INFORMATION SUPPLIED:
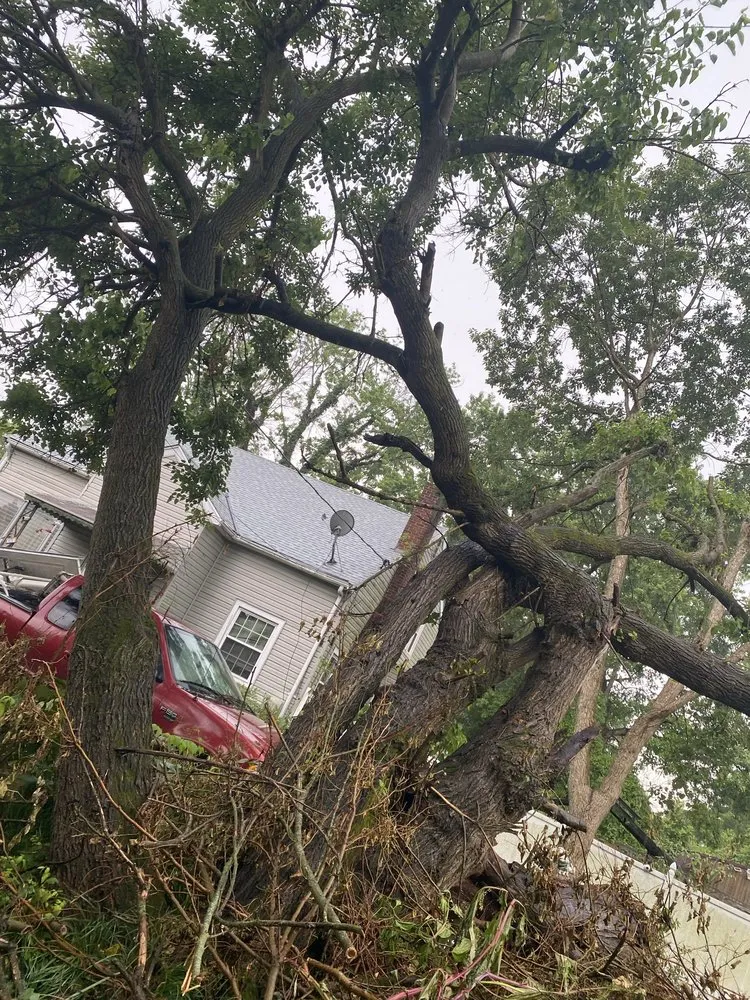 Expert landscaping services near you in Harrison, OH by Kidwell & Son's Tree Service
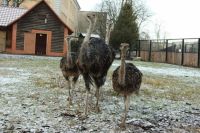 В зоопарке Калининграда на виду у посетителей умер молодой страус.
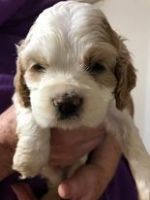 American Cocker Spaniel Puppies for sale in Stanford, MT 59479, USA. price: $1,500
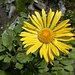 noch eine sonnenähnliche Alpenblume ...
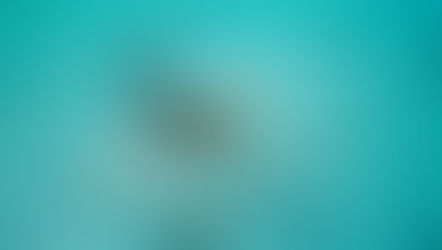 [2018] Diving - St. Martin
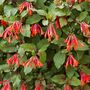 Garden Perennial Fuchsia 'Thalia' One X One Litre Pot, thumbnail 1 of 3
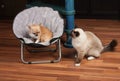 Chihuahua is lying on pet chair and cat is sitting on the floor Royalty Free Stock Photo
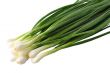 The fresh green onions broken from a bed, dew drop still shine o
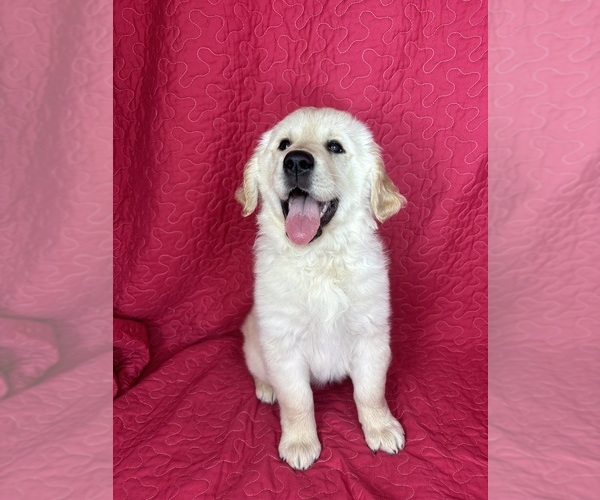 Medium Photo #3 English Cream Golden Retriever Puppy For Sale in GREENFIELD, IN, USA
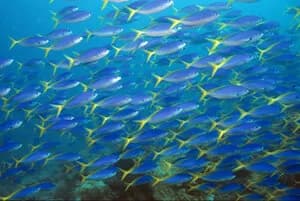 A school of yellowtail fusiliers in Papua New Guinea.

* * *

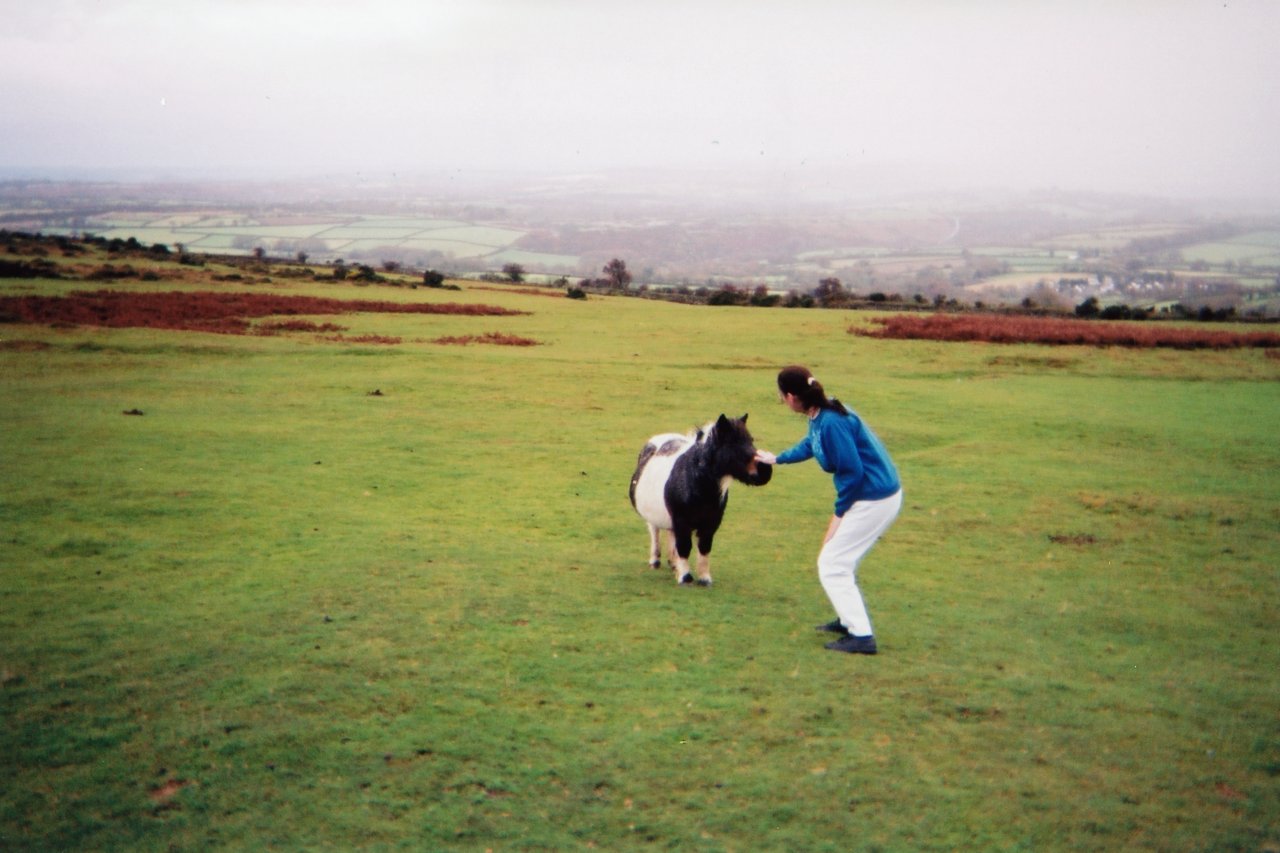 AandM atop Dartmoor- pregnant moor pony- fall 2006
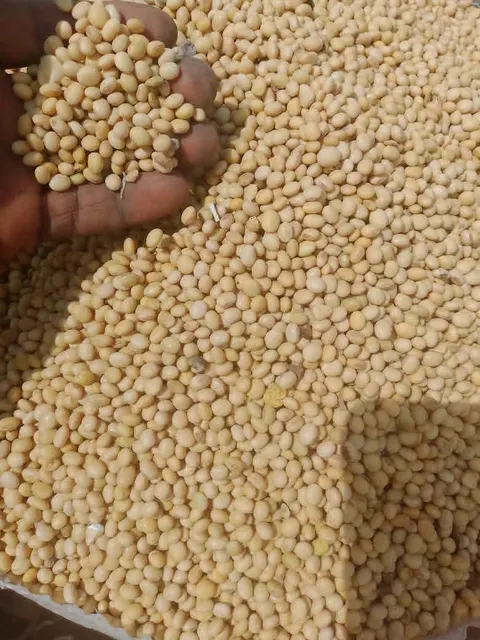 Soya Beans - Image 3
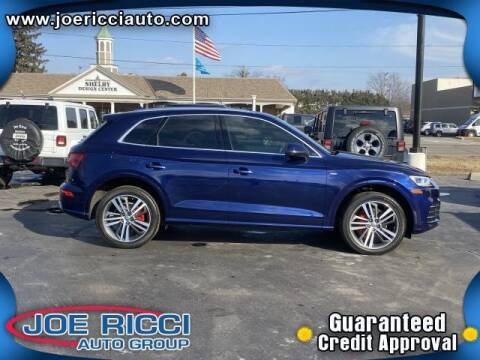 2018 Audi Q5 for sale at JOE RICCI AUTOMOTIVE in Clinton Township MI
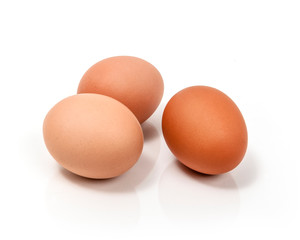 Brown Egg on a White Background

WORK TO BE COMPLETED: Since the pictures are not part of the copy, please transcribe only the lines above from the one with "Expert landscaping services" through the one with "A school of", exactly and with both ends.

SOLUTION TO THE PROBLEM:
 Expert landscaping services near you in Harrison, OH by Kidwell & Son's Tree Service
 В зоопарке Калининграда на виду у посетителей умер молодой страус.
 American Cocker Spaniel Puppies for sale in Stanford, MT 59479, USA. price: $1,500
 noch eine sonnenähnliche Alpenblume ...
 [2018] Diving - St. Martin
 Garden Perennial Fuchsia 'Thalia' One X One Litre Pot, thumbnail 1 of 3
 Chihuahua is lying on pet chair and cat is sitting on the floor Royalty Free Stock Photo
 The fresh green onions broken from a bed, dew drop still shine o
 Medium Photo #3 English Cream Golden Retriever Puppy For Sale in GREENFIELD, IN, USA
 A school of yellowtail fusiliers in Papua New Guinea.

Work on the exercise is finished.